Limitations of this review include heterogenous timing of measurements for overall need for IMV escalation as this varied depending on time of treatment failure. Additionally, it is very likely that significant real-world heterogeneity existed between included trials as oxygen therapies were delivered under clinical settings and protocols that varied between studies. Secondly, the overall pooled population was small for certain outcomes, such as hospital admission rates for patients with respiratory illnesses. Thirdly, the risk of bias was moderate for most studies and there was high heterogeneity for some outcomes such as hospital LOS. Thus, large, high-quality RCTs are required to further increase the power of meta-analyses to address several key clinical questions that remain unanswered. Fourthly, it is challenging to blind participants and outcome assessors to the intervention (given the different sensation and delivery devices required for HFNO and COT), thus introducing bias, particularly for more subjective outcomes such as dyspnoea. Importantly, reporting regarding the causes of acute respiratory failure in individual studies was poor, with half of all patients (3035 of 6109, 50%) having no specified acute respiratory illness reported.

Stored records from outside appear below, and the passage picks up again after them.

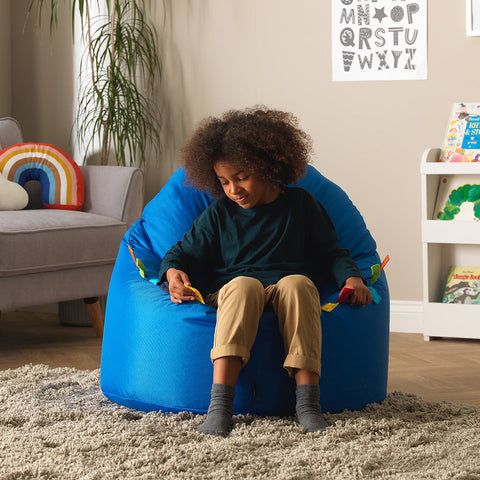 Blue Sensory Touch Tags Chair Bean Bag-Bean Bags,Bean Bags & Cushions,Dropship,Eden Learning Spaces,Nurture Room,Sensory Room Furniture,Stock,Wellbeing Furniture-Learning SPACE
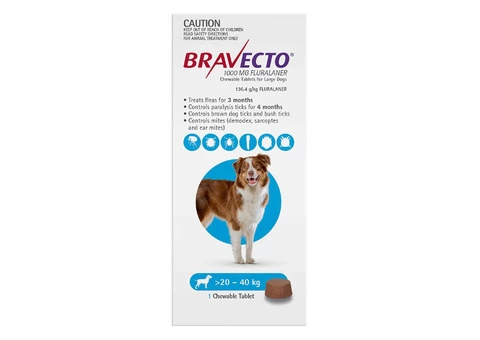 Buy Bravecto For Large Dogs 20-40kg (Blue) - Free Shipping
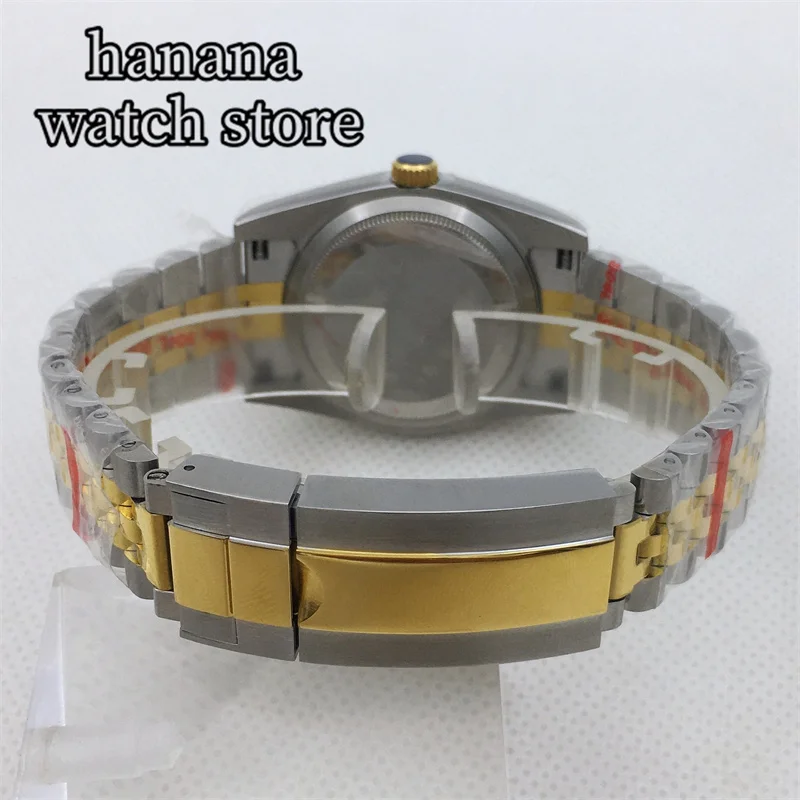 BLIGER NH35A Мужские механические часы 36 мм 39 мм встраиваемый безель Сапфировое стекло Золотой циферблат Двухцветный браслет из нержавеющей стали с датой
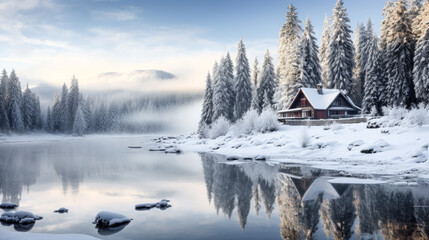 Magical Winter Wonderland in the Mountains Snowfall Christmas Time and Advent in the Evening and in the Morning Calm and Bright Wallpaper Background Cover Poster Greetings Card Digital Art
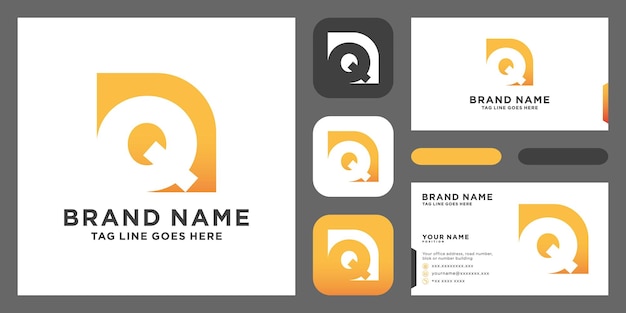 Plantilla vectorial de diseño de logotipo de letra inicial Q con plantilla de diseño de tarjeta de visita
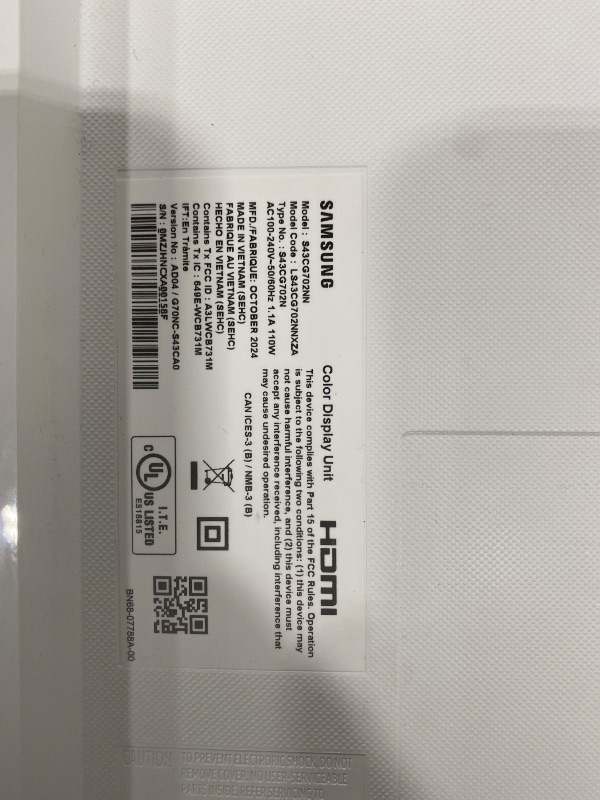 Photo 1 of SAMSUNG 43" Odyssey Neo G7 Series 4K UHD Smart Gaming Monitor, 144Hz, 1ms, VESA Display HDR600, Quantum Matrix Technology, AMD FreeSync Premium Pro, LS43CG702NNXZA, Black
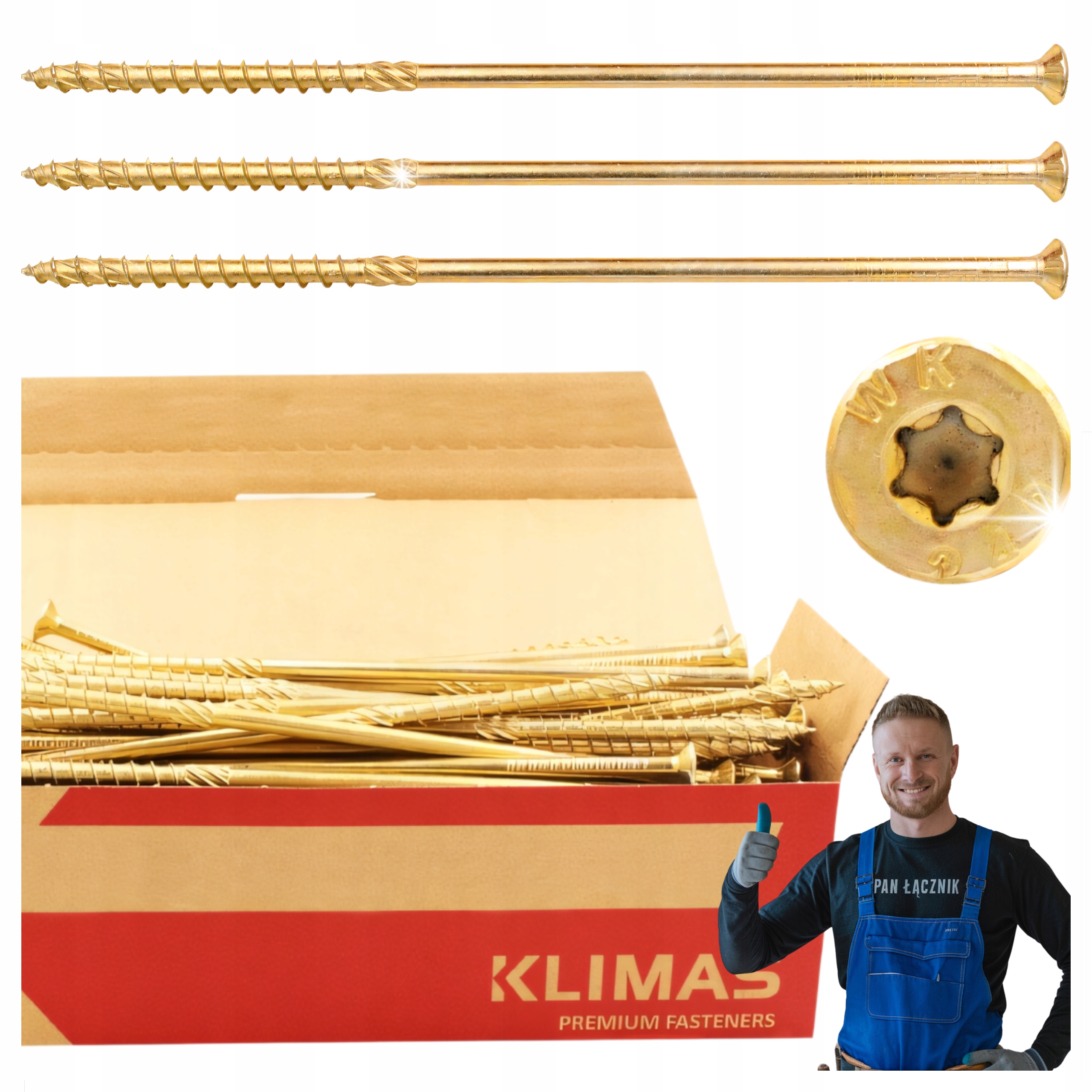 Tesárske Skrutky Do Dreva 6x280 Kužeľové Torx 100ks WKCS-60280 Klimas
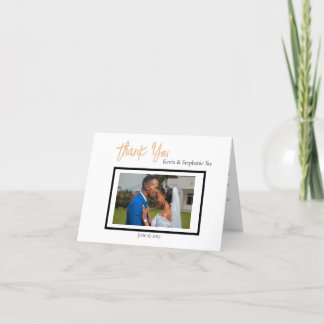 Cartão De Agradecimento Casamento Simples E Clássico Minimalista Dobrado O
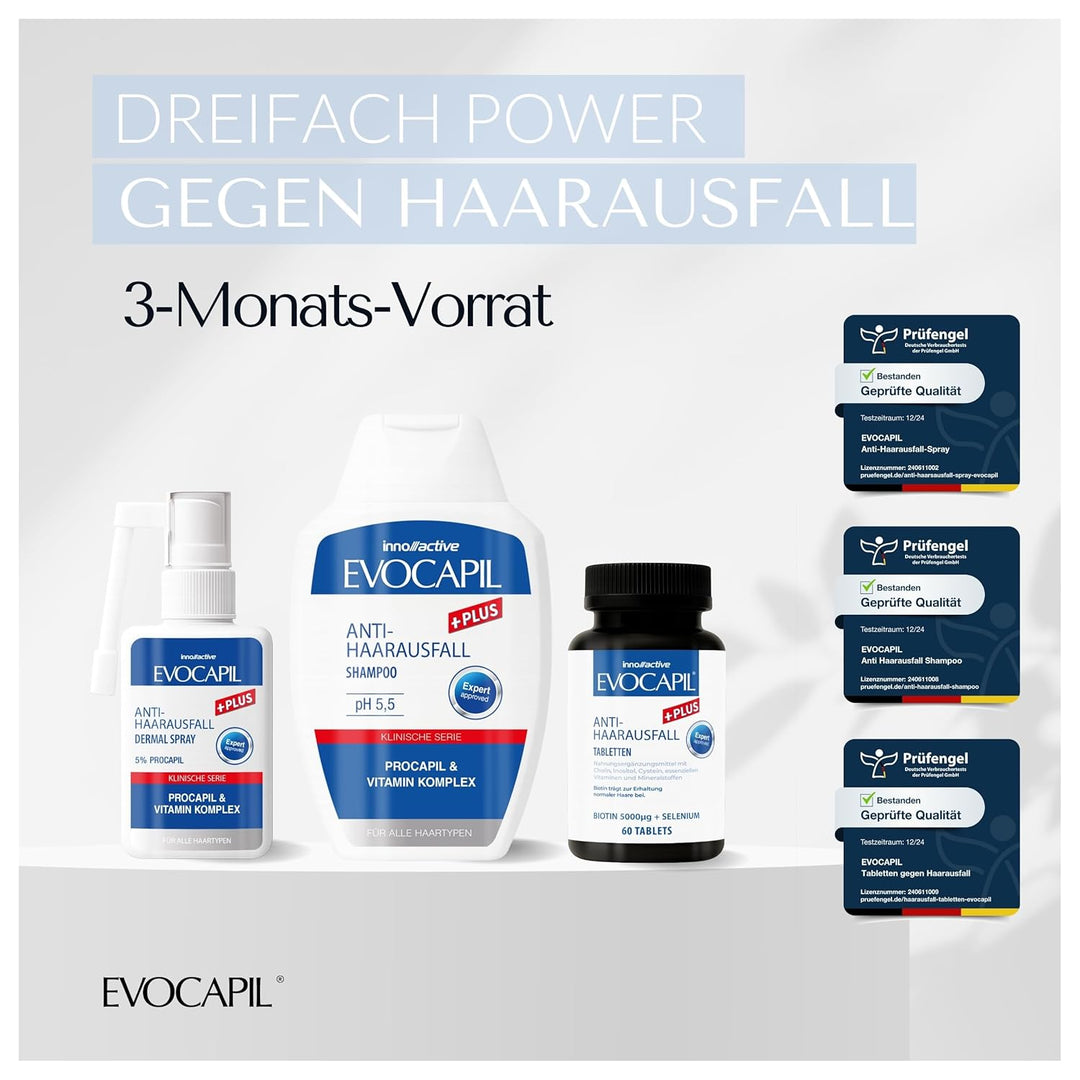 Evocapil Plus 3-Monatige Anti-Haarausfall-Behandlung – x3 Shampoo, x3 Spray & x3 Vitamine – Mit Proc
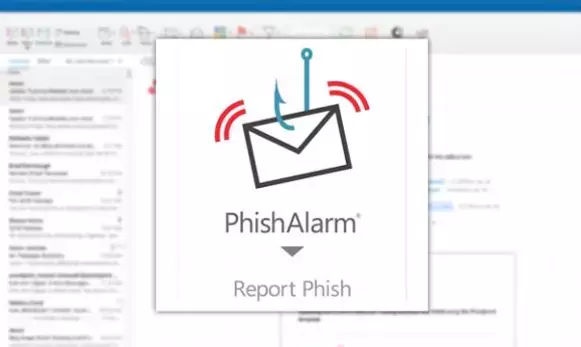 Screenshot of PhishAlarm when reporting phishing emails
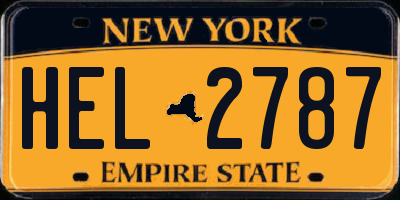 NY license plate HEL2787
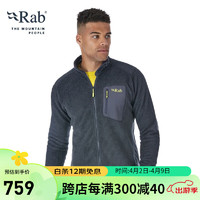 Rab 睿坡 男式Alpha Flash保暖抓绒卫衣户外运动防风轻质舒适273g QIO-22 黑灰色/BE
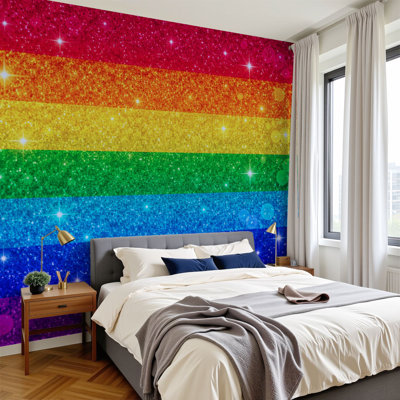 Peel and Stick Wallpaper 144" W x 100" H Modern Self Adhesive Wall Mural for Bedroom Sparkling Glitter Rainbow Horizontal Stripes
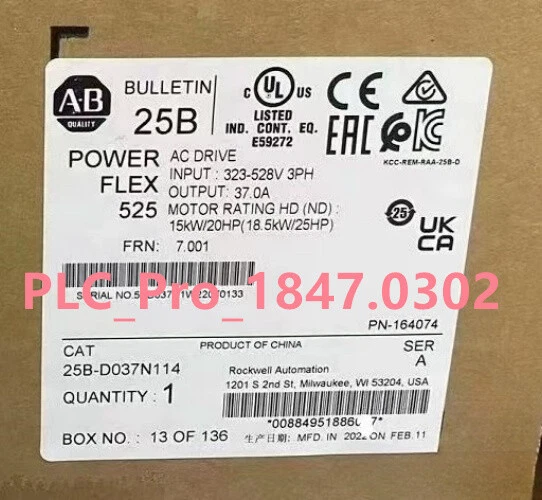 NEW Allen-Bradley 25B-D037N114 PowerFlex 525 18.5kW (25Hp) AC Drive 3 Phase 1 NEW Allen-Bradley 25B-D037N114 PowerFlex 525 18.5kW (25Hp) AC Drive 3 Phase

Therefore, we were unable to further characterise the results by specific causes of ARF, which is crucial for understanding which patient populations with ARF are most likely to benefit from HFNO. It must also be highlighted that some of the meta-analyses were dominated by a few studies, including those performed for hospital mortality and need for IMV escalation, and the weaknesses of these dominant studies should be considered when interpreting the overall pooled results. Lastly, data from patients with a broad spectrum of respiratory conditions were pooled together to reflect real-world hospital setting for generalisability. While this introduces heterogeneity within the study population, it is important to examine HFNO’s clinical benefits compared to COT for patients with ARF secondary to heterogenous causes as HFNO becomes more universally adopted.